- [Exercise]: Your answer should be the lines below from the one holding "Stop by and" through the one holding "Right now theorg.com", copied exactly and with nothing else.

- [Records to process]:
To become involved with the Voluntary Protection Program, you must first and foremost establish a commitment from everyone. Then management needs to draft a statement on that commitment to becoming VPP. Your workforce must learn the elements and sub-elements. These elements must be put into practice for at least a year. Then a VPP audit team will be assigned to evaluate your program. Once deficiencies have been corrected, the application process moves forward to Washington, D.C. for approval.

---

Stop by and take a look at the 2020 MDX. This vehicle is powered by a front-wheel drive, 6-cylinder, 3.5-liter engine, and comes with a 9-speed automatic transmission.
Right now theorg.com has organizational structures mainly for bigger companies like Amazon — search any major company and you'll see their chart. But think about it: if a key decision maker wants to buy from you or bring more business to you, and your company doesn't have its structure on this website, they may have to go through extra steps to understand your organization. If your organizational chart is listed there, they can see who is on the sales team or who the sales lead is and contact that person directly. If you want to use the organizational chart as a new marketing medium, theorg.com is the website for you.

--

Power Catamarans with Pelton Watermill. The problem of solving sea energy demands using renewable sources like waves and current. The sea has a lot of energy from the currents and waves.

- [Response area]:
Stop by and take a look at the 2020 MDX. This vehicle is powered by a front-wheel drive, 6-cylinder, 3.5-liter engine, and comes with a 9-speed automatic transmission.
Right now theorg.com has organizational structures mainly for bigger companies like Amazon — search any major company and you'll see their chart. But think about it: if a key decision maker wants to buy from you or bring more business to you, and your company doesn't have its structure on this website, they may have to go through extra steps to understand your organization. If your organizational chart is listed there, they can see who is on the sales team or who the sales lead is and contact that person directly. If you want to use the organizational chart as a new marketing medium, theorg.com is the website for you.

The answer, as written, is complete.